Be sure to encourage on-court participants – players and referees – as well as those on the side lines – scoretable officials etc – to remain hydrated as much as possible to avoid heat related illnesses which, if left untreated, can be quite harmful to an individual’s health. This may mean shortening the length of each game, providing teams with extra time-outs, opening entry/exit doors to increase air-flow or increasing the breaks in-between halves. While not all these strategies will be possible at some venues, we strongly encourage you to implement what you can, to make our sport as enjoyable as possible for participants and spectators during such conditions.
It is also important to remember that some referees officiate multiple matches each night – and normally do so in dress pants and sleeved polo tops. To assist them, it may be good to spread out their games (when and where possible) or allow them to wear shorts when officiating.
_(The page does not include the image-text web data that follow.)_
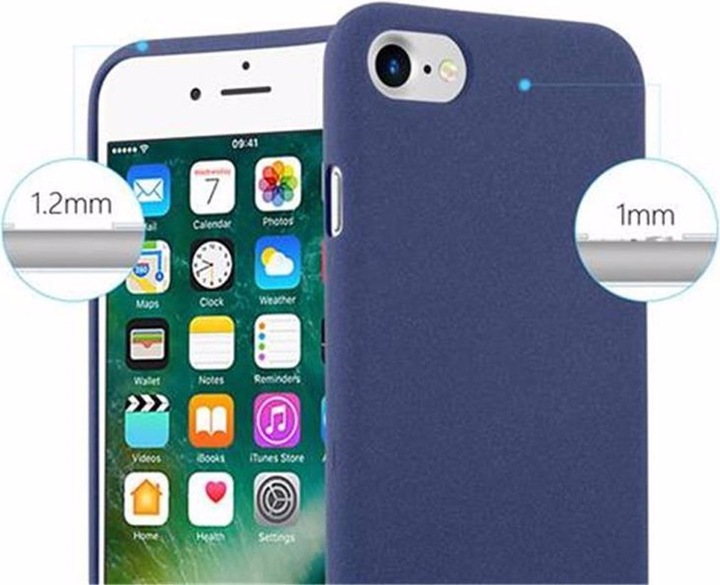 Produktbild Cadorabo TPU Frosted Cover (Apple iPhone SE (2nd Gen), Apple iPhone 7)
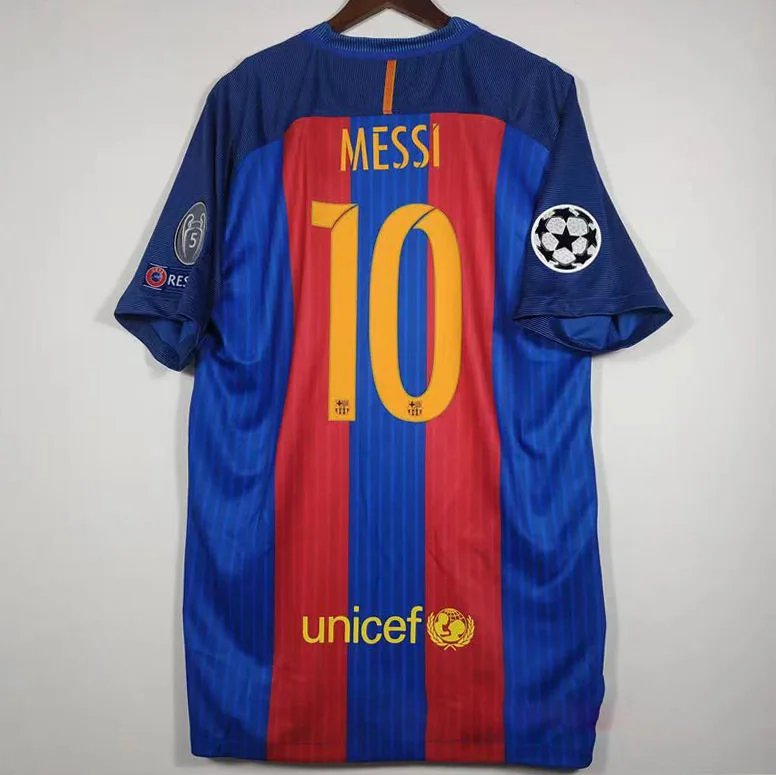 1617 Barcelona Home #10 + Champions League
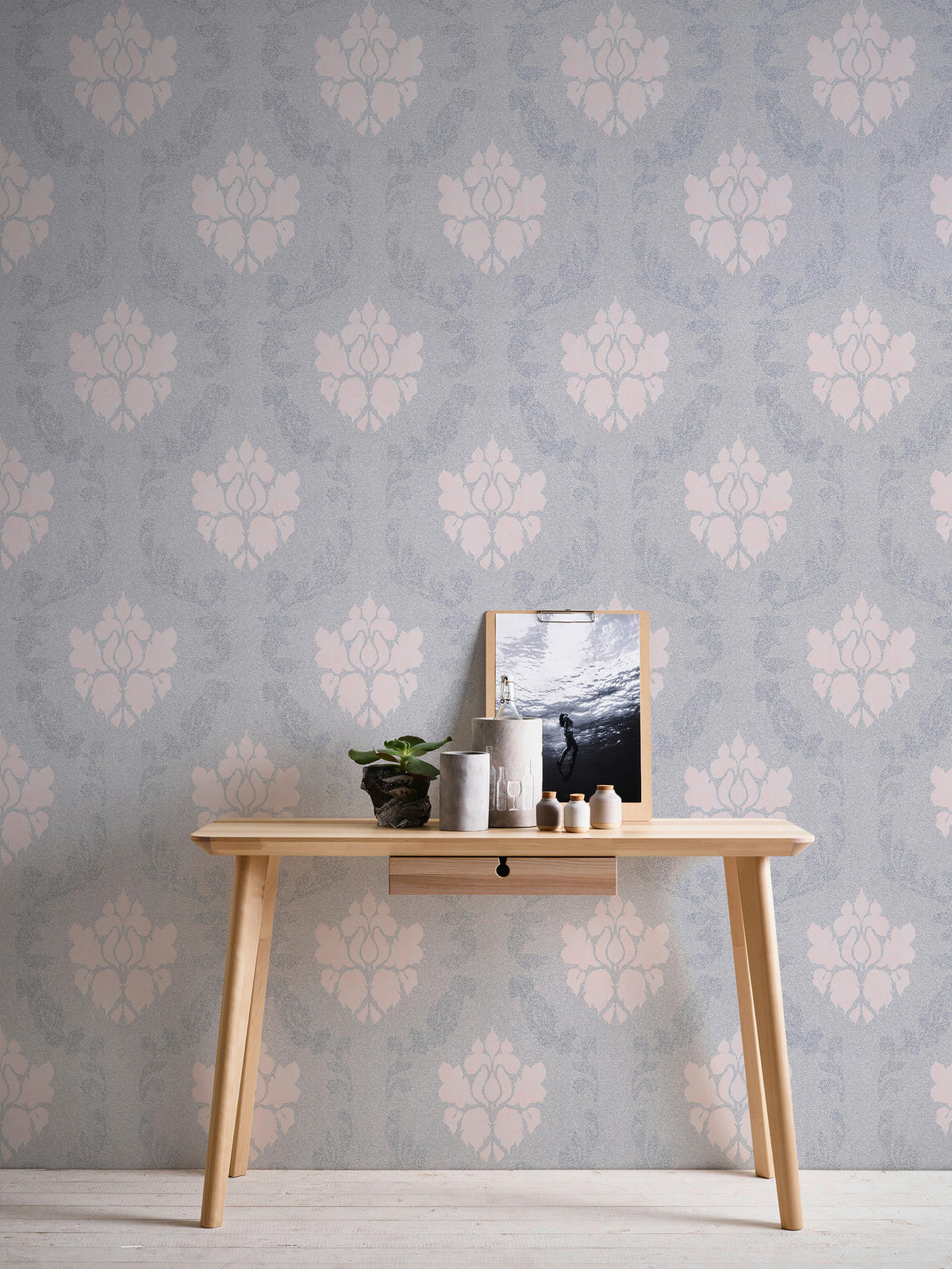 A.S.Creation Vliestapete New Elegance Barock rosa B/L: ca. 53x1005 cm New Elegance - rosa (53,00/1005,00cm) - A.S.Creation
The same principals apply during a training session. Players will require longer or more frequent breaks for drinks to remain adequately hydrated. It may also be a good idea to ensure the level of intensity is a little lower during periods of high heat. This will assist the prevention of dehydration and also more serious problems such as heat stress and heat stroke.
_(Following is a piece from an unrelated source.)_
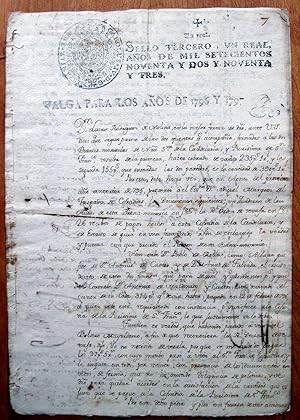 Eighteenth Century Hand Written Document From Peru
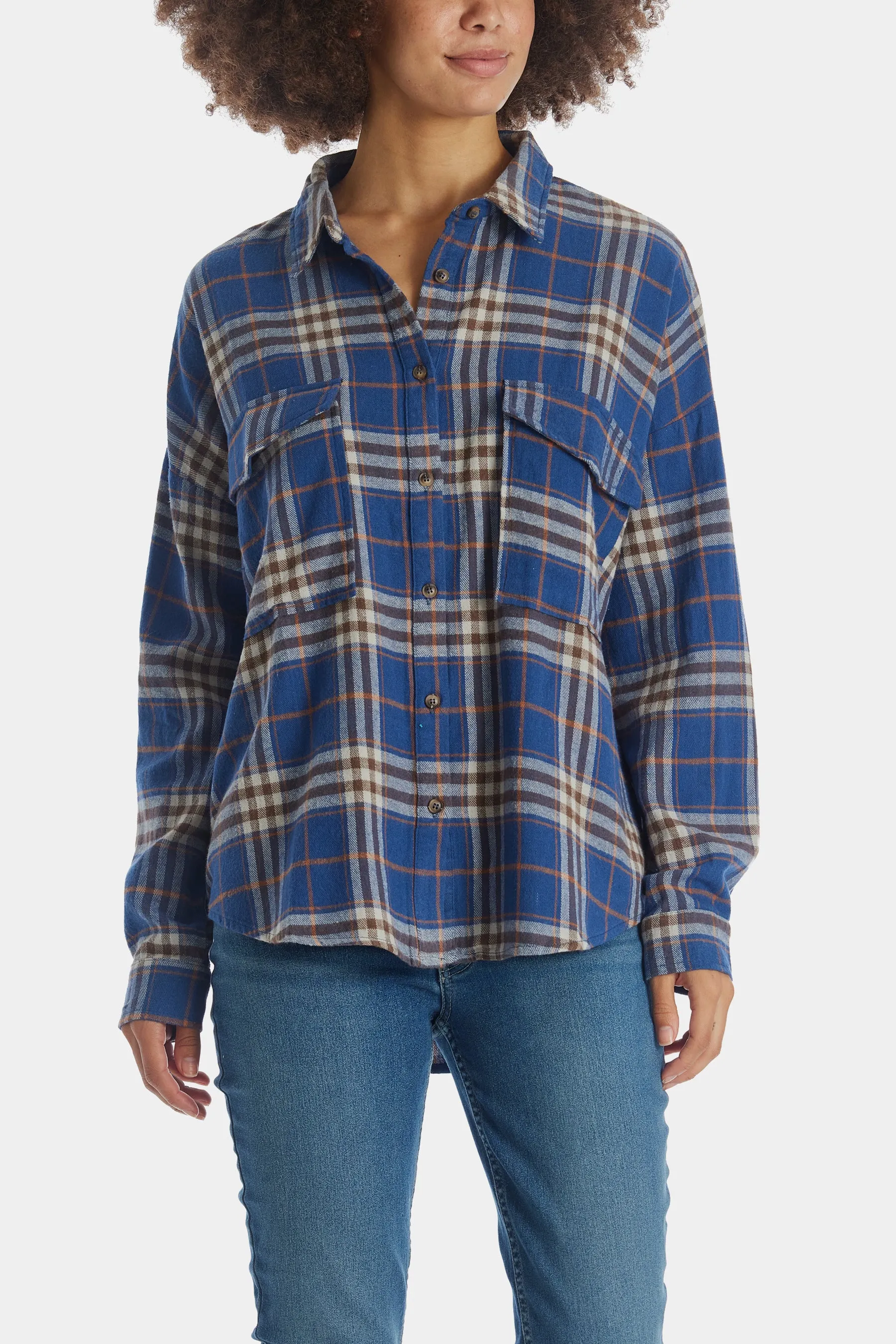 Down The Trail Flannel Top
It is imperative that we keep in mind the health and safety of those taking part in our sport – both on and off the court, and it is with this in mind that we are alerting you to this information.
As a general guide, players and referees are advised to drink about 500ml (2 cups) of water in the 2 hours before exercising. During exercise lasting 60 minutes or longer, 500-750ml (2-3 cups) of fluids per hour should be sufficient to prevent dehydration. Constant sipping is also advised.